Some people leave your life too soon. Often, years pass before you fully appreciate them for what you didn't know then--and what you still remember now.

Sometimes, you wish you'd collected every one of those memories and saved them, perhaps in a grape-shaped purple cup.

How well did you really know your grandparents? What is it about a rainy day that makes us remember, with a wistful smile, those we loved and lost?


  1. What a wonderful story, Sherry. Your grandmother's words about respect seem to have gone a long way.

    As for my grandparents, I know only my mother's mother. I wrote a couple of blog posts about her last July. Here's one:

    My mother and she are hilarious together. Lots of surreptitious eye rolling.

  2. "When she's not looking, I stub it out in the ashtray. When I'm not looking, she lights another."

    I love this sentence in particular but the entire story is lovely.

  3. Averil: I'm so glad you shared that story! I am going back this weekend to read the others you wrote about her. Your stuff always reads like poetry.

    Downith: Thank you! Yes, I remember well stubbing her cigarettes out. Ah, the sins of our ancestors that we swear we'll never repeat. Until one day in junior high...

  4. Aw, I was ready to keep reading, Sherry. You have such a wonderful voice. Well done.

    Two of my grandparents died before I was born. I still have my father's mother's teapot though. She was English and very into her tea. My mother's mother was a born again Christian and clearly favored my aunt and her children. We'd go to visit once in a while, but I don't remember any affection. My father's father was bursting with life. He drove a blue car with winged fenders on the back. I remember my parents arguing after he took my 14 year old brother out driving. He was a horse lover and always said he was going to buy me a pony, but then he got sick.

  5. Deb: Talk about wanting to read more--you've totally teased us here with these snippets. I hope everyone who comments on this post will tell us about their grandparents like you have. Such stories to share and enjoy... Thank you!!!

  6. What a great piece of writing. The thing I've noticed about you, Sherry, is that no matter what you're writing - humor or something more poignant like this - your storytelling style makes me want to keep reading.

    Your grandmother sounds like a wonderful woman who dealt with life's challenges with a special grace.

    I was lucky to know three of my grandparents plus a bonus grandfather who was there before I was even born. Know them well? I'm not sure. I did make some audio taped interviews in the late 80s of both my grandmothers, but I'm not sure I asked the right kinds of questions.

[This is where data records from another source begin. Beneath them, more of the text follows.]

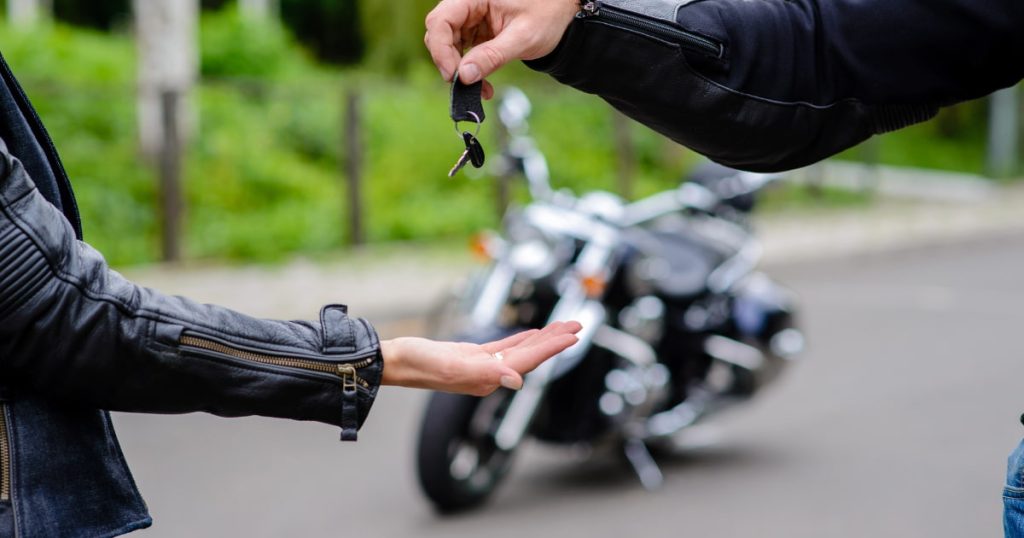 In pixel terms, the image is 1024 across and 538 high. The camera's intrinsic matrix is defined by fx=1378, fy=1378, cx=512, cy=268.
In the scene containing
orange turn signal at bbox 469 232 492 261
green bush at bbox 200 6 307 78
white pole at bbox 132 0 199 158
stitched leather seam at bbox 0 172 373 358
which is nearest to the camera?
stitched leather seam at bbox 0 172 373 358

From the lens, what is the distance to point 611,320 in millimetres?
5211

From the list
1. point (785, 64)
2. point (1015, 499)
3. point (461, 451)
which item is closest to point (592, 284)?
point (461, 451)

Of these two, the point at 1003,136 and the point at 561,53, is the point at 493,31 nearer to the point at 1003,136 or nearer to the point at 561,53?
the point at 561,53

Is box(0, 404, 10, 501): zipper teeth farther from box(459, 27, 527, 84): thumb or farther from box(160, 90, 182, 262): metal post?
box(160, 90, 182, 262): metal post

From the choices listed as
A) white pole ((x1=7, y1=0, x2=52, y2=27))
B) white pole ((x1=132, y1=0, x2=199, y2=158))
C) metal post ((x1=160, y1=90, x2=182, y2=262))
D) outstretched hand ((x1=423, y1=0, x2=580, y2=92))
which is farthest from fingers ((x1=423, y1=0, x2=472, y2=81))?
white pole ((x1=7, y1=0, x2=52, y2=27))

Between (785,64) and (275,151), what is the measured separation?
12.2 m

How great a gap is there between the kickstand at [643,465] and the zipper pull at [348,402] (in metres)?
3.75

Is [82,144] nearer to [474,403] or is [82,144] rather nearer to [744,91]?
[474,403]

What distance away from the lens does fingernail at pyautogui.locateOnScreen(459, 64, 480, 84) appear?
175cm

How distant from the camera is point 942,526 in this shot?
486 cm

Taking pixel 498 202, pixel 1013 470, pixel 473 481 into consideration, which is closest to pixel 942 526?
pixel 473 481

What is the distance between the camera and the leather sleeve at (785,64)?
6.22 ft

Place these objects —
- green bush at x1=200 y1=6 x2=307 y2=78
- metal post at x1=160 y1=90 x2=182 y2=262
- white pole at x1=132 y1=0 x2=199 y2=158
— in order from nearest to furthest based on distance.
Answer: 1. metal post at x1=160 y1=90 x2=182 y2=262
2. white pole at x1=132 y1=0 x2=199 y2=158
3. green bush at x1=200 y1=6 x2=307 y2=78

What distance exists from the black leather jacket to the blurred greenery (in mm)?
9275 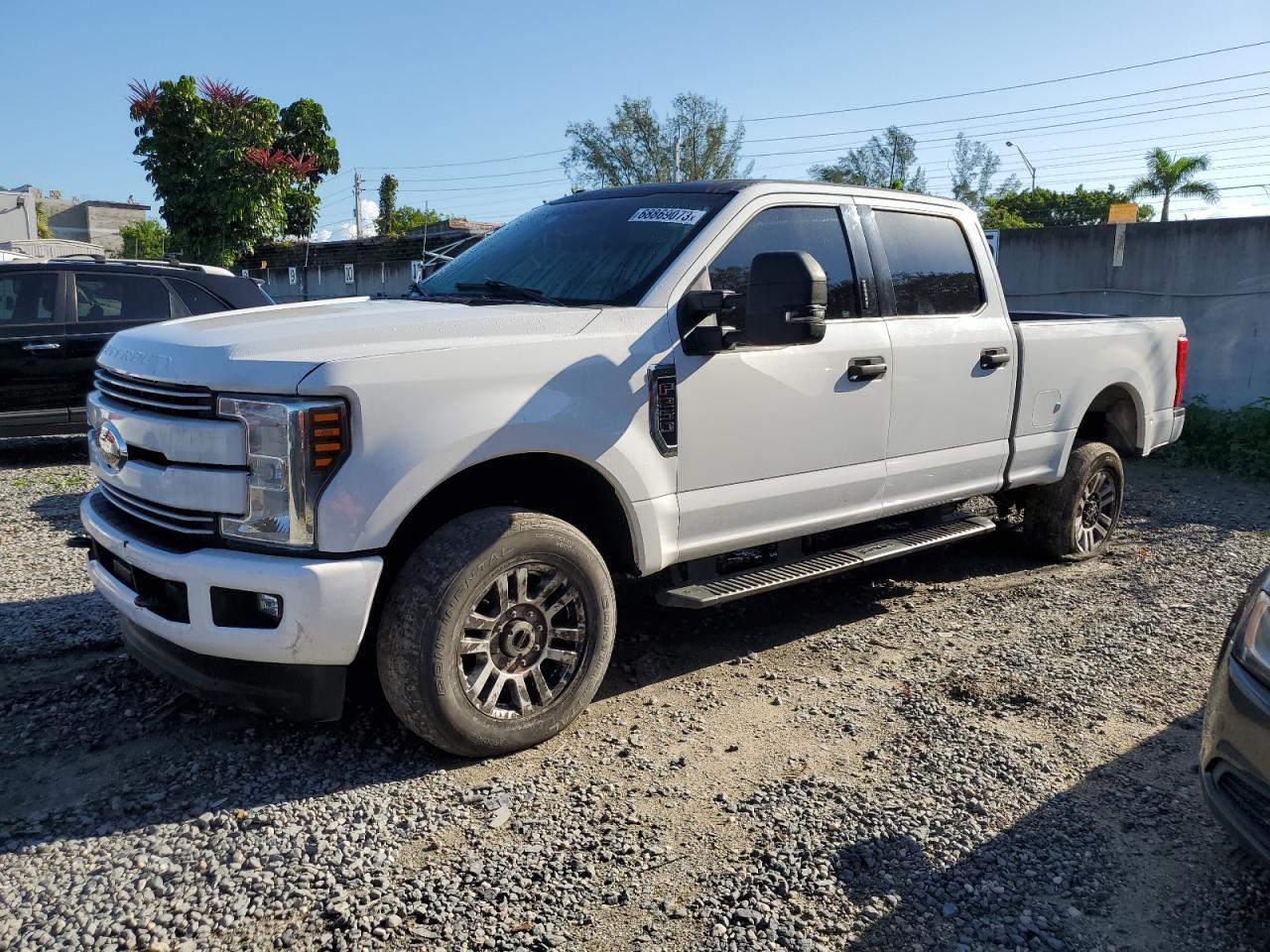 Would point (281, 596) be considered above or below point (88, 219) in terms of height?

  7. Lisa: Thank you for such a wonderful compliment. And wow, what a smart girl to tape interviews with your grandmothers! I wish I would have thought of doing so. Their voices will always stay with you. And, I'll bet you can mine those tapes for some great stories...

  8. This so reminds me of my time with my father's mother, who looked like Queen Elizabeth does now, and dressed similarly. She and grandpa lived downtown, in the city and had never learned to drive --- they rose the buses fearlessly, impressing their suburban-raised grandchildren.

    Grandma was too short to reach the cord strung over the windows to signal the driver to stop, but everyone knew her, even the tough-looking high school kids: "This your stop, Mrs. W? There you go."

    My grandpa died when I was twelve, and I remember mostly that he had a bad back and grew wonderful roses in the 2"x 8" raised parking lot divider behind their apartment building. I have one photo of him holding my four-year-old hand at the Botanical Center, pointing up at a huge Christmas tree.

    I told my Dad once that I didn't remember much about him, and he said, "Well, he loved you very much. You were the star in his sky." I hold that in my heart.

    My Mom's parents? Whole 'nother saga.

  9. Sherry,
    To be able to write seriously as well as

    My mom's parents were 40 when they began raising her so they were in their 80's when I was a kid. Farmers in South Carolina, and although I talked too fast and with my "yankee" accent, they could barely understand me, they adored my sister and me.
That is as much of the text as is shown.